These are the key concepts you need to understand to accurately answer the question.

Explanatory Variable

An explanatory variable is the variable that is believed to affect or predict the outcome of another variable, known as the response variable. In this study, the explanatory variable is whether infants received antibiotics during their first year of life. It is categorical, as it can be classified into two groups: 'received antibiotics' and 'did not receive antibiotics'.
Understanding the nature of an explanatory variable is crucial. It helps researchers make sense of the directional influence of one factor over another. In an observational study like this one, even though no intervention is being applied, the explanatory variable still plays a significant role.
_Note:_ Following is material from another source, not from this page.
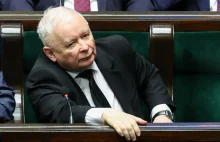 Służba Więzienna odpowiada Kaczyńskiemu ws. tortur. "Wypracowane procedury"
It helps analyze the relationship between early antibiotic intake and later health outcomes like being overweight.

Response Variable

The response variable, often referred to as the dependent variable, is the outcome researchers aim to investigate. In the context of this study, it is whether a child is overweight at age 12. Just like the explanatory variable, this is a categorical variable, since a child's status is classified as either 'overweight' or 'not overweight'.
Understanding the response variable allows researchers to measure effects, associations, or differences in the studied outcome. In studies, pinpointing the response variable is critical to examine the effects of varying conditions dictated by the explanatory variable. It essentially represents the result researchers are trying to influence or predict based on other factors.

Null Hypothesis

The null hypothesis, denoted as \(H_{0}\), is a fundamental aspect of statistical testing. It postulates that there is no effect or no difference between groups in a study. In this case, the null hypothesis is that there is no difference in the proportion of children classified as overweight at age 12 between those who received antibiotics as infants and those who didn't.
Formulating a null hypothesis is an essential part of the scientific method, as it sets a standard condition for statistical testing. Researchers use it to perform tests that determine if the observed data provides sufficient evidence against the null, allowing them to consider an alternative hypothesis, \(H_{a}\).

• Null Hypothesis: \(H_{0}\): Proportion difference is zero.
• Alternative Hypothesis: \(H_{a}\): There is a positive difference, suggesting an association between antibiotics intake and being overweight.

A very low p-value, such as 0.002 as seen in this study, typically indicates that it is unlikely the observed effect happened by random chance. Therefore, researchers reject \(H_{0}\) and explore the alternative hypothesis.